But the effort required is immense. In each case communities are taking on giant organisations – public or private – who own the sites, have the financial information, have rigid theories about what should be done. They have out-manoeuvred other communities in the past. Communities must struggle to find out basic information (such as the real size of Newton Rigg’s deficit); study laws and restrictions (such as whether European ‘state-aid’ rules really stop them using public fibre); challenge technological claims (such as how much energy the wind-turbine generates); must relentlessly press officials to act. This is exhausting, risks time and money, and in the process, exposes them to their opponents’ accusations of ignorance and small-mindedness. But if communities are trusted then the compassion, the knowledge and the will-power which they can bring to bear is irresistible.

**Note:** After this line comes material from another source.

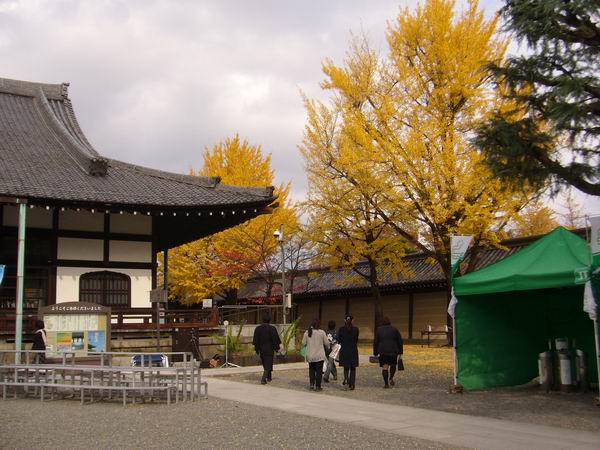 P1130285.JPG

But the spirit extends further. Last week, I had finished my last Herald article and sat by the fire trying to work out how to defrost my meal (the Aga and the heating had been broken for a week and the electricity had gone off again) when there was a sound like a trapped jackdaw clambering up, slipping down and struggling in the chimney. Then black clods began falling onto the hearth and an acrid smell, like burning yak dung, filled the room. Orange flames appeared behind the mantle-shelf. I pulled off the mantle-shelf – revealing for the first time since 1900 three sepia prints of ladies in Victorian hats, a set of scissors, a penknife and a live pistol round – and poured buckets down the wall.

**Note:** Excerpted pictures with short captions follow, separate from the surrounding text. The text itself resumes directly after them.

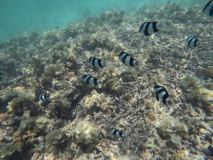 DCIM\100GOPRO\GOPR1298.JPG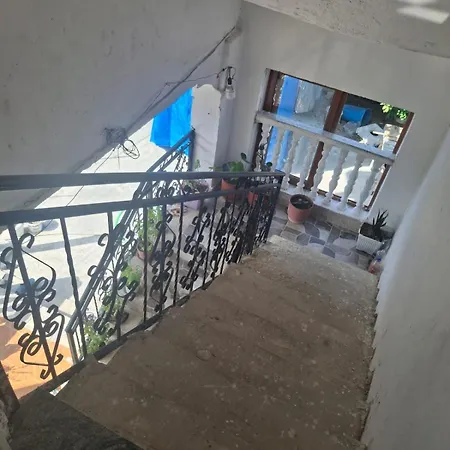 Aleksander House Maison d'hôtes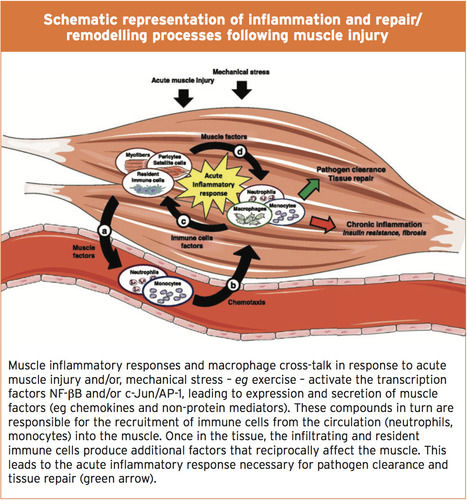 Platelet Treatment: Faster Recovery? | El Paso Back Clinic&reg; &bull; 915-850-0900 | Sports Injuries | Scoop.it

I was saved by the Shap fire brigade. The firemen had been dragged out of sleep at one in the morning, had located a cottage on a nameless track – which was invisible to any GPS – and then had to abandon their engine and come in half a mile on foot on a narrow icy track in driving rain. But they were as cheerful and calm as though it were a Sunday afternoon picnic. One worked the thermal camera, another pair assembled a pump – which seemed to include a pipe, partly made of Victorian bamboo attached to my watering can. They had the situation under control so quickly that I had nothing to do other than to walk up and down the hill to carry some salt to help their fire-engine off the track. The same combination of compassion, common-sense and energy which we see in communities is often deeply present also in the public sector.